Tijdens de coronacrisis zijn honderden intensive care-medewerkers ander werk gaan doen. Gemiddeld stopte per ziekenhuis 15 procent van het ic-personeel tijdens de pandemie, meldt vakblad Zorgvisie op basis van een peiling onder Nederlandse ziekenhuizen. Daarvan deden er 29 mee.
Bij het St. Antonius Ziekenhuis, met vestigingen in Utrecht en Nieuwegein, nam volgens de enquête zelfs 30 procent van de ic-medewerkers afscheid van de functie. Slechts vier ziekenhuisorganisaties wisten al hun gespecialiseerde ic-personeel vast te houden: Pantein, Slingeland, Isala, Ziekenhuis Rivierenland.
Volgens Zorgvisie ging een klein deel van de vertrokken ic’ers met pensioen, maar was voor de meesten de werkdruk te hoog. Vaak blijven ic-medewerkers die ermee stoppen wel in de zorg actief.

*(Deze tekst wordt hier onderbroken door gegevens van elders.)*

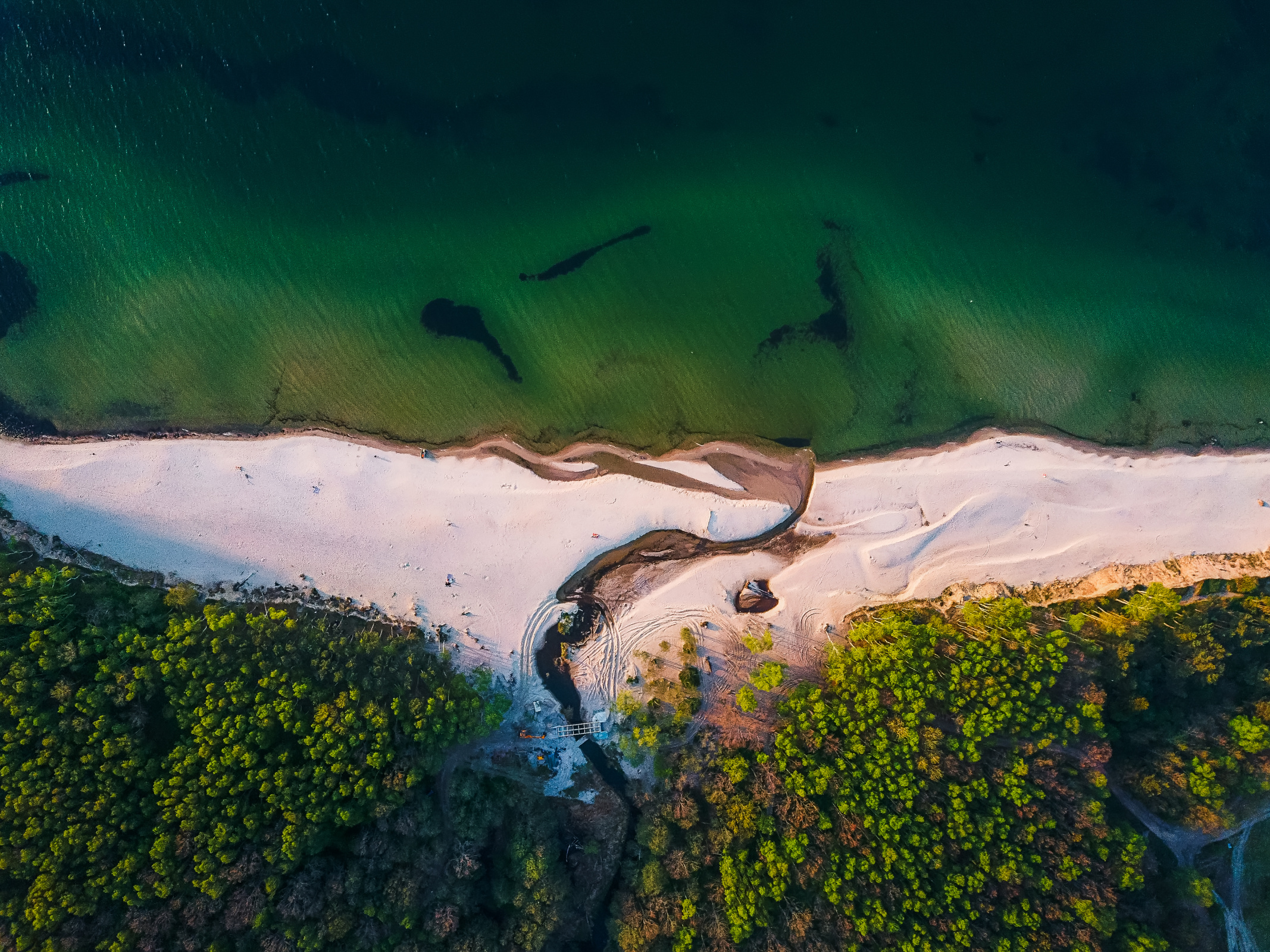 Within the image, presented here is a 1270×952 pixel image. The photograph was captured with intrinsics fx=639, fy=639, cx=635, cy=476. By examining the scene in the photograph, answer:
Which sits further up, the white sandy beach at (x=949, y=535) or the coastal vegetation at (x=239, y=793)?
the white sandy beach at (x=949, y=535)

Een deel kreeg een andere functie in hetzelfde ziekenhuis. Ic-medewerkers stapten ook over naar de Spoedeisende Hulp, de ambulancedienst of een klinische afdeling. Sommigen zochten elders een baan, bijvoorbeeld in het onderwijs. "Of ze werden zzp’er waardoor ze hun werktijd beter konden reguleren", aldus Zorgvisie.
Door het grote verloop is bij diverse ziekenhuizen de ic-capaciteit nu kleiner dan voor de coronacrisis.